General dynamic programming strategy (for tree-width): 1. Formulate a family of properties defined on subtrees such that the global solution can be derived from the properties at the root. 2. Derive recursive equations for each node type (leaf, introduce, forget, join) relating properties of a node to those of its children. 3. Prove correctness (usually two inequalities per node type). 4. Estimate computation time per node in terms of \(n\) and \(k\). 5. Sum over all nodes; add time to extract solution from the root properties.

Further FPT Results Using Tree-width

Using dynamic programming on tree decompositions, many classical problems become FPT when parameterized by tree-width \(k\):

• VERTEX COVER, INDEPENDENT SET: \(O(2^k \cdot k^{O(1)} \cdot n)\)
• DOMINATING SET: \(O(4^k \cdot k^{O(1)} \cdot n)\)
• ODD CYCLE TRANSVERSAL: \(O(3^k \cdot k^{O(1)} \cdot n)\)
• MAX CUT: \(O(2^k \cdot k^{O(1)} \cdot n)\)
• \(q\)-COLORABILITY: \(O(q^k \cdot k^{O(1)} \cdot n)\)
• STEINER TREE, FEEDBACK VERTEX SET, HAMILTONIAN PATH/CYCLE, LONGEST PATH/CYCLE, CHROMATIC NUMBER, CYCLE PACKING, CONNECTED VERTEX COVER, CONNECTED FEEDBACK VERTEX SET: \(k^{O(k)} \cdot n\), still in FPT.

Application: Coverage in Multi-Interface Networks (CMI)

Problem CMI(\(p\)): Given \(G = \langle V, E \rangle\), available interfaces \(W(v) \subseteq \{1,\dots,a\}\) for each \(v\), cost \(c(i)\) per interface, find \(W_A(v) \subseteq W(v)\) with \(|W_A(v)| \le p\) such that for every edge \(\{u,v\}\), \(W_A(u) \cap W_A(v) \neq \emptyset\), minimizing \(\sum_{v \in V} \sum_{i \in W_A(v)} c(i)\).

Parameterized complexity (Aloisio & Navarra 2020):

• Parameter path-width \(k\): CMI(2) solvable in \(O(n \cdot (a + \binom{a}{2})^{k+1})\) time.
• Parameter carving-width \(k\): CMI(2) solvable in \(O(n \cdot a^{4k})\) time.
• With combined parameter \(a + k\), the problem becomes FPT.

Relations Between Width Notions

Using the notion \(\kappa_1 \succeq \kappa_2\) (computably bounded above), FPT results transfer upward and hardness results transfer downward.
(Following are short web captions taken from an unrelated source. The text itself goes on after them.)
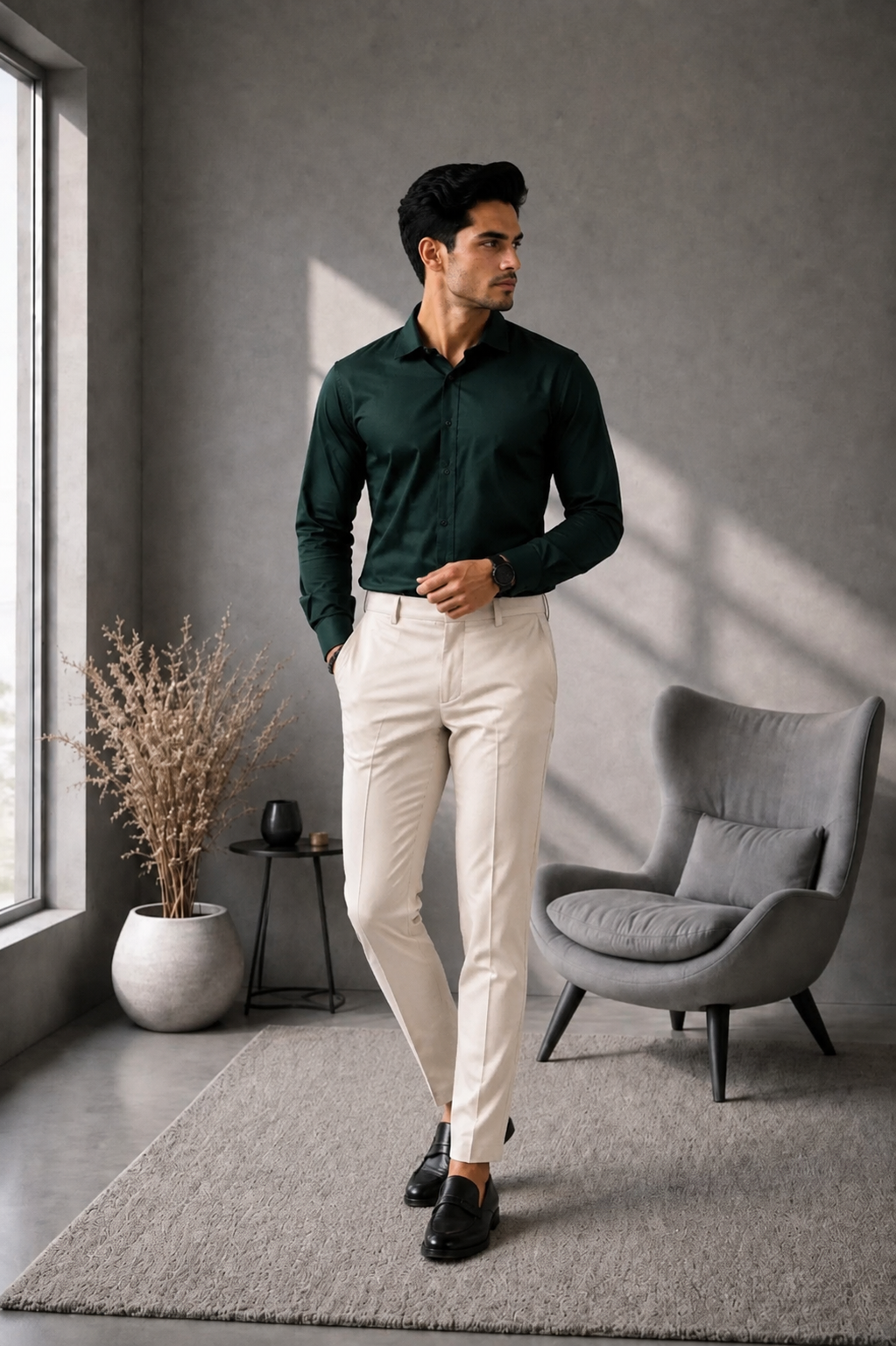 Royal Formals Shirt & Cream Trouser Collection – 10 Signature Colours Men's Complete Outfit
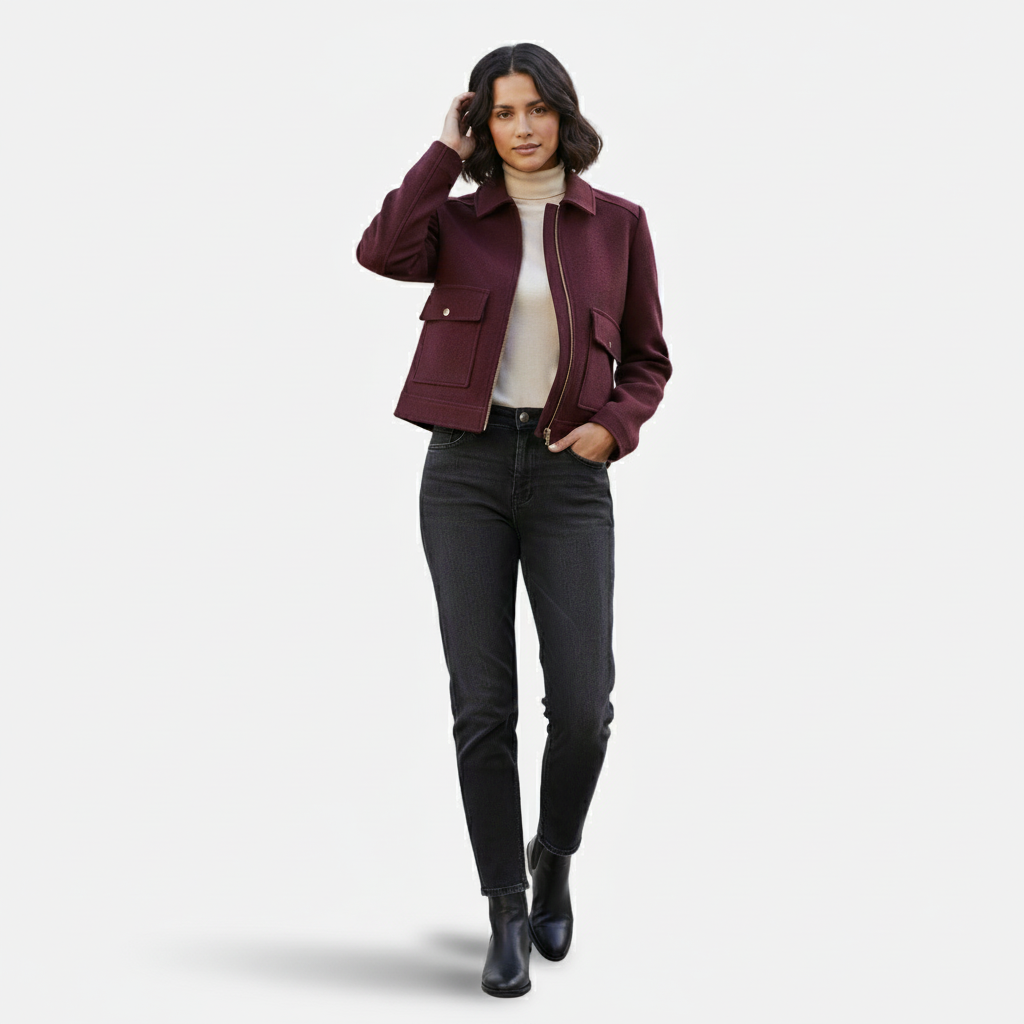 Dorevelle | Women’s Wool Blend Utility Jacket – Zip Up Short Coat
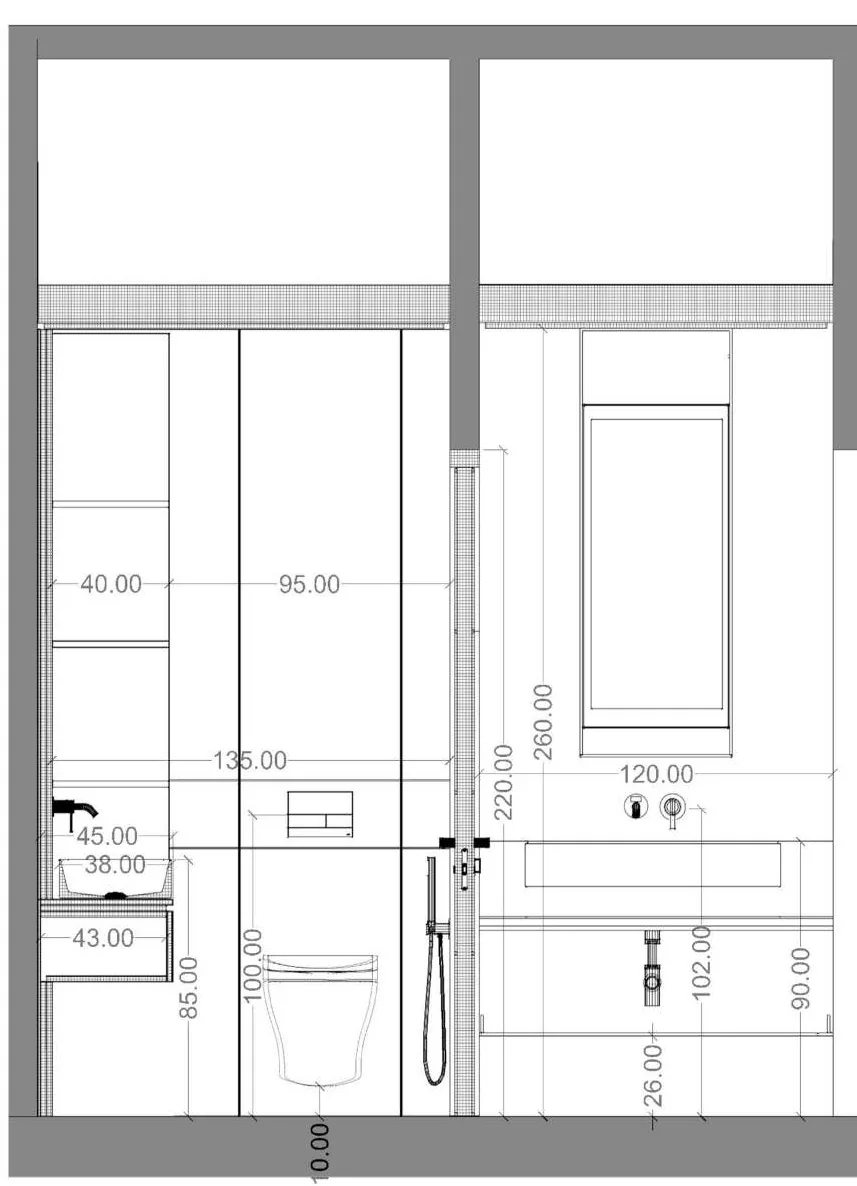 Dimensioned bathroom elevation showing storage, WC, shower and vanity setting-out with heights annotated in centimetres.
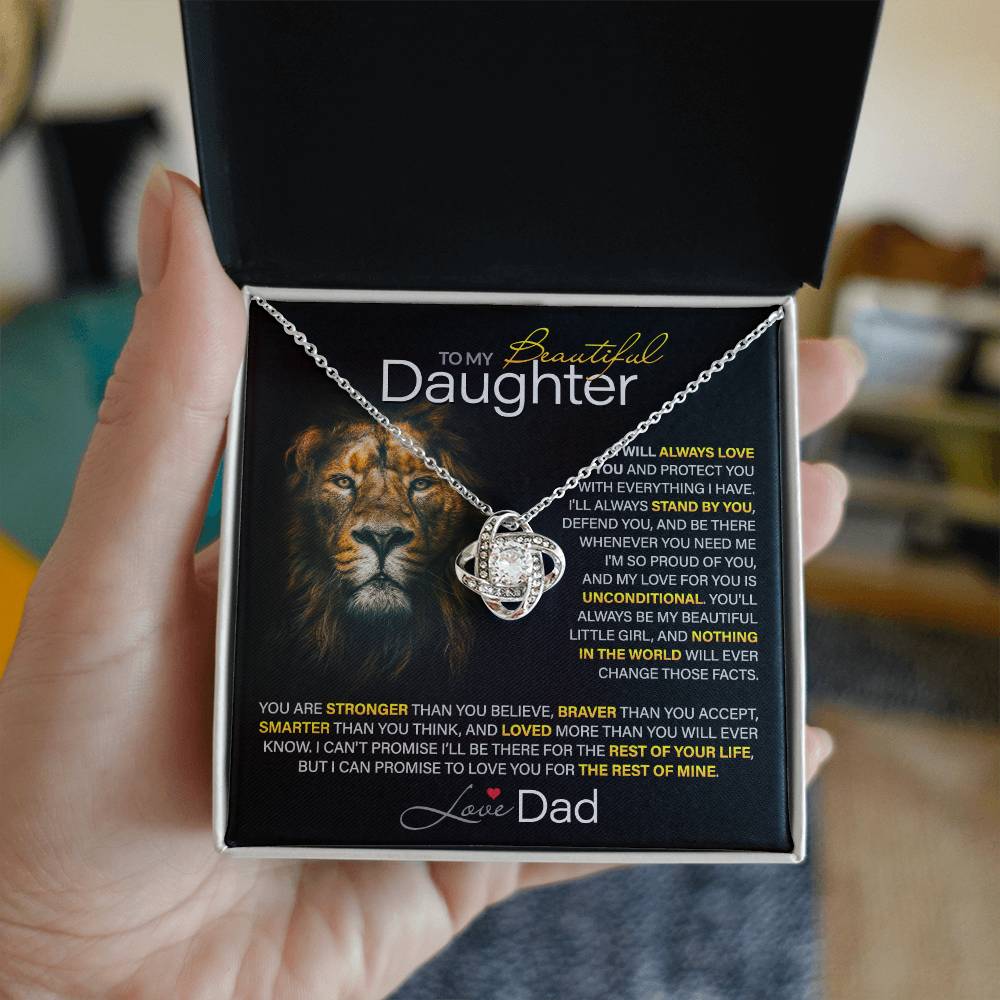 Best Gift for Daughter: Dad's Forever Love Knot Necklace to Encourage Her Heart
Some known relationships:

• \(pw(G) \ge tw(G)\) \(\Rightarrow\) \(pw \succeq tw\)
• \(clw(G) \le 3 \cdot 2^{tw(G)-1}\) \(\Rightarrow\) \(tw \succeq clw\)
• \(rw(G) \le tw(G)\) \(\Rightarrow\) \(tw \succeq rw\)
• \(carw(G)\) and \(tw(G)\) are not comparable in all classes, but often related.
• \(cutw(G)\) is related to carving-width, etc.

Summary

• Parameter comparison gives formal grounds for transferring algorithmic results.
• Path-width and tree-width are central structural parameters that allow efficient dynamic programming for many NP-hard problems.
• The dynamic programming follows a standard pattern: define local properties on bags, update according to node types, and solve at the root.
• Clique-width is another powerful parameter, intimately linked to MSO logic.
• Other width parameters (branch-width, rank-width, carving-width, etc.) enrich the landscape and can be related to tree-width.
• Covering problems on multi-interface networks illustrate FPT results using path-width and carving-width.